Tuesday, May 31, 2011

I Just Wasn't Made for These Times

     I was, in all likelihood, meant to be born about five hundred years ago and on a different continent. Well, that's probably not completely accurate, but damned if I didn't have fun at the Renaissance Faire this weekend with my husband. I swear, from the moment we walked in the front gates, I could not stop trying to convince my husband that it would definitely be in our best interests to quit our jobs and just follow the faire all over the country. SO much fun, and I promise you, I can rock a corset like few others. There were swords and Scots and royalty and people talking with bad accents, but most importantly, there was JOUSTING! With horses! And broken lances! And fake blood all over the place when one knight speared the other one and then slit his throat! A strange sort of scene to inspire in me such happiness, but I'm a strange sort of girl, so there you go.

     At the end of the day, when we were headed back to our car, I started thinking about what life would've been like for someone like my husband, were he actually to have been born in fifteenth-century France. I know - why couldn't I just enjoy the day and not bring my husband's disorder into it? Well, I didn't actually bring the Marfan's into anything; it's always there. As such, it was kind of second-nature to start down the path of "I wonder..." while we were walking. What kind of life would someone born with Marfan's Syndrome have had in Medieval times? For that matter, what kind of life would anyone with any kind of illness/disorder/birth defect have had? History answers that question with, "Short and unpleasant," which is no revelation. What did give me pause, though, is when I realized that the same answer could've been given, with varying degrees of accuracy, to the question posed only forty years ago.

     I know the life expectancy of someone with Marfan's has gotten better since the disorder was first recognized in 1896 and better still since aortic valve replacement surgery and similar treatments became a widely-accepted form of treatment.
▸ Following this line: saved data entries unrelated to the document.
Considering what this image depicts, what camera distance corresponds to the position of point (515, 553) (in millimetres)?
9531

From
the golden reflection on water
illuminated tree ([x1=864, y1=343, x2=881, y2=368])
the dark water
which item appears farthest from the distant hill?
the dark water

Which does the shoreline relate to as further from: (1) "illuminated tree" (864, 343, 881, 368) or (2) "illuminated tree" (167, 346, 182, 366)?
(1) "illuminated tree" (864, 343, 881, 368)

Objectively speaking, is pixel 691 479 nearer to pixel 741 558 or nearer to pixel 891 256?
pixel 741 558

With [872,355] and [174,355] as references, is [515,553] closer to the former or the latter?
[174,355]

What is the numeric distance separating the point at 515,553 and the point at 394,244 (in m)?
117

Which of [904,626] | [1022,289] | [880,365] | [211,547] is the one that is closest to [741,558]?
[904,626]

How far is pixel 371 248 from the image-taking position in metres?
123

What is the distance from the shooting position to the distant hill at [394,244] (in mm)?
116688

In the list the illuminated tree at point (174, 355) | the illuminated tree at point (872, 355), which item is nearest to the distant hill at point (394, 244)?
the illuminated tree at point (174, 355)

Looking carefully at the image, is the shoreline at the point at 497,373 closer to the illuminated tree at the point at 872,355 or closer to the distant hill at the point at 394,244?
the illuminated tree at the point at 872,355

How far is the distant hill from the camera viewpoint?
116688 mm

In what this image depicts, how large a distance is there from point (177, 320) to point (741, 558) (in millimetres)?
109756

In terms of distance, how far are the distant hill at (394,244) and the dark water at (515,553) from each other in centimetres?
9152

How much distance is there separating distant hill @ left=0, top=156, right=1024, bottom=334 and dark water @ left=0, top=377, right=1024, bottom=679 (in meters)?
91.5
The fact remains, however, that as recently as 1972, the life expectancy for someone born with Marfan's Syndrome was only forty-one years old. That's four decades plus a year. You want to know what really scares me about that number? My husband will turn thirty-eight on Friday.
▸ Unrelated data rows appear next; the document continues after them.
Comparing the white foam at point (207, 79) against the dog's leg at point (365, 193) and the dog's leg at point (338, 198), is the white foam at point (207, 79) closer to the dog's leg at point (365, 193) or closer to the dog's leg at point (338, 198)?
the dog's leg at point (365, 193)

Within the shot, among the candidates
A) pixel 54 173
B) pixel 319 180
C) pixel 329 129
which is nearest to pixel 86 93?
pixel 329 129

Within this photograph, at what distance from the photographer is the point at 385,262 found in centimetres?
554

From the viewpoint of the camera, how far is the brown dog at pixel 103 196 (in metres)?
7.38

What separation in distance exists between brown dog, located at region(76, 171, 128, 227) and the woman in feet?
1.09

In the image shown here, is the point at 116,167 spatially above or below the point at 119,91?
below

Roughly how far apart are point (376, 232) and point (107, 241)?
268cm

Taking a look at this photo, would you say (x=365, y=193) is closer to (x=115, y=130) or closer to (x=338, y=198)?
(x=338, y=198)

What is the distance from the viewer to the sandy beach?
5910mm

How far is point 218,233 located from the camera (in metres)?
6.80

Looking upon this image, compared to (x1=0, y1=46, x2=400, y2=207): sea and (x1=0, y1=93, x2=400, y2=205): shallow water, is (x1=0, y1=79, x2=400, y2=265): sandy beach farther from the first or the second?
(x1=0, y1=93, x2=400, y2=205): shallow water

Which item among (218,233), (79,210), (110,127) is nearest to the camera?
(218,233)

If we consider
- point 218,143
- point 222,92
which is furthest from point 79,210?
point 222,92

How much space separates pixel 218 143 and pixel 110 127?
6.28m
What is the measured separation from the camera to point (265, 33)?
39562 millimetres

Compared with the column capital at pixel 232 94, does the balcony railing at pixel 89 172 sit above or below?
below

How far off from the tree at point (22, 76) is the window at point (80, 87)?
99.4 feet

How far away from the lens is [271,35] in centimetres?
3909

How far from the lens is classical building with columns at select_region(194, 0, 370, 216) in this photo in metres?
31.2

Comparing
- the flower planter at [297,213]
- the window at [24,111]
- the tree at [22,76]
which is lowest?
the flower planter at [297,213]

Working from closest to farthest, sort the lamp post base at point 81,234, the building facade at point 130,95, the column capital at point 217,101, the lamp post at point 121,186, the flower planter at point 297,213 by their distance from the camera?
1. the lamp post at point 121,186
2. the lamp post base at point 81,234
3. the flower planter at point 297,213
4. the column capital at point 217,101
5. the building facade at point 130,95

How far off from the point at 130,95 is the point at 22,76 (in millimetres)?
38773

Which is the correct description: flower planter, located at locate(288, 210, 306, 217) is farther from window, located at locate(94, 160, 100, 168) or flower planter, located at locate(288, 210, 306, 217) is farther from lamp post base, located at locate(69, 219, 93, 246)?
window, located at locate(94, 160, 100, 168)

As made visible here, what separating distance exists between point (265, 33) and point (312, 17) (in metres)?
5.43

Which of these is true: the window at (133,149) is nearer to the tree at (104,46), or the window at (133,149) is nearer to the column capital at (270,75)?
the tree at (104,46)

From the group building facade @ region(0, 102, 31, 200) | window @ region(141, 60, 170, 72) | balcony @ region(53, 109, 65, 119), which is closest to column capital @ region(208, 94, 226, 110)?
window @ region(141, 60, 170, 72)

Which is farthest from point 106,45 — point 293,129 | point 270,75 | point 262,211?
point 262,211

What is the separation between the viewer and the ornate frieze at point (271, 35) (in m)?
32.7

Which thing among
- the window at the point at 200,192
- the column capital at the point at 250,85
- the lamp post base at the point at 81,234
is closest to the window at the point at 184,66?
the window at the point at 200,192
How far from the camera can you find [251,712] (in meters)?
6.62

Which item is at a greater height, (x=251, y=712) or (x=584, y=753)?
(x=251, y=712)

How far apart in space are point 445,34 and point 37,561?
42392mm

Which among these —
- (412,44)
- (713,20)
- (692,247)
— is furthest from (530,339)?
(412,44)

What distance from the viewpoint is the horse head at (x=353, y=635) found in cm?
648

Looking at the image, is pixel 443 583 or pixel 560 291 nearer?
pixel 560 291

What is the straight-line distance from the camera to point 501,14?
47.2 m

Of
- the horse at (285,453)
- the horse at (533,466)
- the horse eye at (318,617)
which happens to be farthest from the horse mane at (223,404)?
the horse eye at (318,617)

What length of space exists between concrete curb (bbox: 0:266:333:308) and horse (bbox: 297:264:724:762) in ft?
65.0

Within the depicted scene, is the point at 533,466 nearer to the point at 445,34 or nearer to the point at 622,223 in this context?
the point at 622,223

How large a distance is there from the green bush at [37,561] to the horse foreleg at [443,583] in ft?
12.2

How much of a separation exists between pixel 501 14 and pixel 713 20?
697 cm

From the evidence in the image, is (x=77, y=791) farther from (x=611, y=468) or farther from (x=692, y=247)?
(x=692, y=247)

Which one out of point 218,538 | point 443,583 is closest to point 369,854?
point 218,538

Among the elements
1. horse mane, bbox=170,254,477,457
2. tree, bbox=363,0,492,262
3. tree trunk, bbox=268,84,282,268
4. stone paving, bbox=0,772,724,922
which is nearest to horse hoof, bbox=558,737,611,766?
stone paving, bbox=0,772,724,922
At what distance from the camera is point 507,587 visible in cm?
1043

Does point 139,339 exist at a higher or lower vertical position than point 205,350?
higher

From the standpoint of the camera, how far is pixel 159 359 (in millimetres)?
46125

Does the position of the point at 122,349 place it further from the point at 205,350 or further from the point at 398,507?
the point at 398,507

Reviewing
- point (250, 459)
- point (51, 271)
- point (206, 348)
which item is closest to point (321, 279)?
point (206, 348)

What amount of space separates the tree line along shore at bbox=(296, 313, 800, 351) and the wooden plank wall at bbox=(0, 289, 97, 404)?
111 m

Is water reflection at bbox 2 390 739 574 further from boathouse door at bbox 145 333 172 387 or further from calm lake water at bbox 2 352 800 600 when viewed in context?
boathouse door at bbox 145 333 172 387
     I know it's gotten better, much better, since the Seventies and it's gotten better still in the 10+ years since that study was done. Even now, though, life expectancy for a person with Marfan's Syndrome who has has an aortic valve replacement and is taking beta-blockers (my husband falls into this category) is seventy-two. Much, much better, but does that seem to be kind of on the low end of the spectrum to anyone else? Maybe it's just me who thinks that, but I come from a fairly long-lived family. My maternal grandmother is ninety-seven and has a better social life than I do and my paternal grandmother is well into her eighties and completely self-sufficient. Then again, I never got to meet my paternal grandfather because he died of a massive heart attack days after his fifty-seventh birthday.
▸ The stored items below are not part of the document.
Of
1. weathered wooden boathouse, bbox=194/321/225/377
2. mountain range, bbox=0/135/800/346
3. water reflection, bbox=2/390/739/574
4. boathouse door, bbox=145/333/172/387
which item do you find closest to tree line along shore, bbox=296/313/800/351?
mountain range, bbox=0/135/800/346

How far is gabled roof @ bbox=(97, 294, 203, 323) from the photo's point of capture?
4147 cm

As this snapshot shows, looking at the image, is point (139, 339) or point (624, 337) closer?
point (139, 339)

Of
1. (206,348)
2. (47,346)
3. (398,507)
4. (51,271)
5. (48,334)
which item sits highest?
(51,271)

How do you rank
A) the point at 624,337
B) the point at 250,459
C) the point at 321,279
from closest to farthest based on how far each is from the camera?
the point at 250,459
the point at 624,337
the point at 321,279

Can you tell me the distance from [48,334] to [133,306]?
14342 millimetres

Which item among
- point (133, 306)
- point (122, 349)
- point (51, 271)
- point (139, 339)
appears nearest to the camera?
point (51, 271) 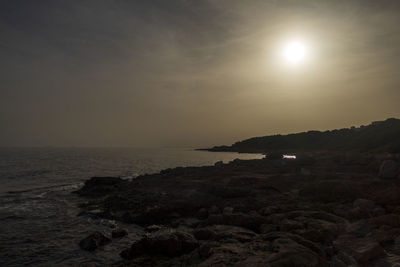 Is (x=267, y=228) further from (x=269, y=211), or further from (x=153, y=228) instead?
(x=153, y=228)

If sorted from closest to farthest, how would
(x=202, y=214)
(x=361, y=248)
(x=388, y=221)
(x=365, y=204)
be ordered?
1. (x=361, y=248)
2. (x=388, y=221)
3. (x=365, y=204)
4. (x=202, y=214)

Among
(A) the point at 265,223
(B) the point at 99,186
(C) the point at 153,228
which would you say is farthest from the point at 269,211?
(B) the point at 99,186

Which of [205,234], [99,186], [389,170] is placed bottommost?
[99,186]

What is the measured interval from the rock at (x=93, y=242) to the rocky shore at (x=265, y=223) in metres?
0.04

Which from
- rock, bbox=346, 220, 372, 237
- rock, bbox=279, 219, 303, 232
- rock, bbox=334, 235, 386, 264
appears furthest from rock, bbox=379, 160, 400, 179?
rock, bbox=279, 219, 303, 232

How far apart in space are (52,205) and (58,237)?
9.88 metres

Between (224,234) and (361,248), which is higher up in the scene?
(361,248)

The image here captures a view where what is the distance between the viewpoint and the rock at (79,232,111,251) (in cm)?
1220

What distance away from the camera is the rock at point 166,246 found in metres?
10.3

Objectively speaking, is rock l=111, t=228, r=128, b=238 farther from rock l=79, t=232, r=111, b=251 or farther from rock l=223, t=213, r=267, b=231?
rock l=223, t=213, r=267, b=231

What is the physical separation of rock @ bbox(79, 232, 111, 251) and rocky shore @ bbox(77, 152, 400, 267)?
44 millimetres

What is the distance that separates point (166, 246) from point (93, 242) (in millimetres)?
4195

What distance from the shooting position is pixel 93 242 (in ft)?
40.3

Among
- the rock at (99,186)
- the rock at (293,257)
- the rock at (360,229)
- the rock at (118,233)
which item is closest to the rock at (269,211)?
the rock at (360,229) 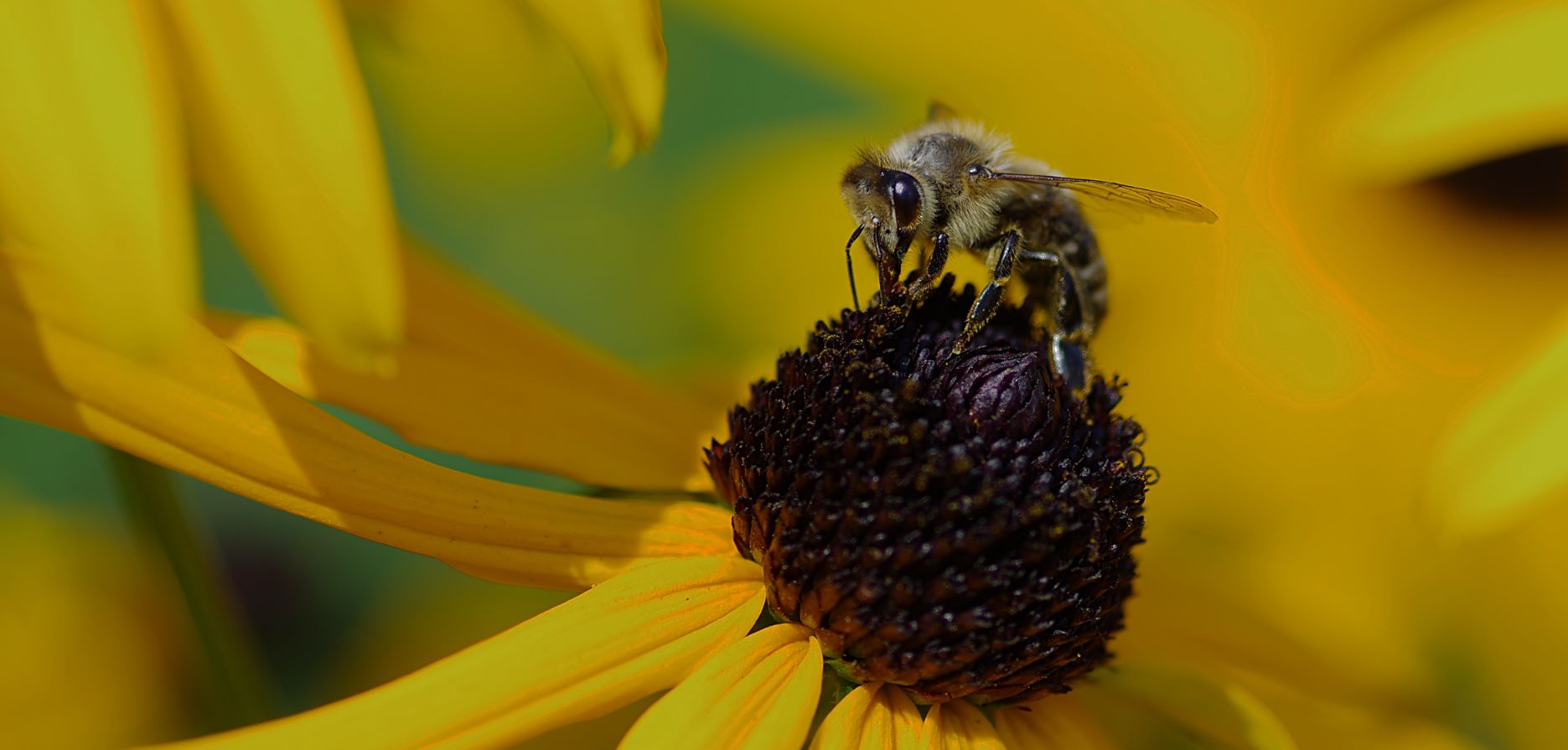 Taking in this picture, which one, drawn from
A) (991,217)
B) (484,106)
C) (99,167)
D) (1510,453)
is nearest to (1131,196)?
(991,217)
     Maybe I'm too focused on the numbers, but I just want to have as much time as possible with my husband. And before anyone gets all existential on me, I'm well aware that nothing is promised and today could be my last day with my husband for reasons totally unconnected to Marfan's Syndrome. I spend a significant portion of my day in La-La Land, so it's entirely possible that I could get taken out by a meteorite falling from the sky that I never saw coming. Stranger things have happened. I guess I'm just baffled by the lack of answers from the medical world in general.

     There isn't a cure for Marfan's, there's no proven treatment, and no one can tell us exactly what's going to happen to my husband as time goes by. Believe me, I'm well aware that there are many hundreds of diseases and disorders that fall under this heading, but my husband doesn't have those - he has Marfan's. He's on Losartan, which apparently has some good things going for it with mice, though nothing conclusive has been announced. (At least, nothing I've been able to find has been conclusive. If anyone has anything different, please tell me.) The valve replacement dramatically reduced his chances of an aortic dissection, but he's still got a heart, so there's still a chance of an aortic tear.

     When I get on this train of thought, I often just go in circles. This issue is not one unique to Marfan's Syndrome; it's much more universal than that. I'm sure I'm not the only one to sit and think, "Billions of dollars spent for researching this, that and every other abnormality and you can't give me a better answer than, 'Let's see what this does?'" Sigh. I want to kick myself sometimes for being so ungrateful for the miracles which modern science has produced in my husband's life, because they're huge. Without the aortic valve replacement surgery, who can say if he would have survived long enough to meet me? That was done when he was twenty-eight, twenty-nine, so maybe not. For now, I think it's best to not venture too far down the track of no-answers and just appreciate the vast improvement in life expectancy that's a result of the last few decades of research. I also think it's best that my husband and I attend the Renaissance Faire whenever possible, because jousting? WIN!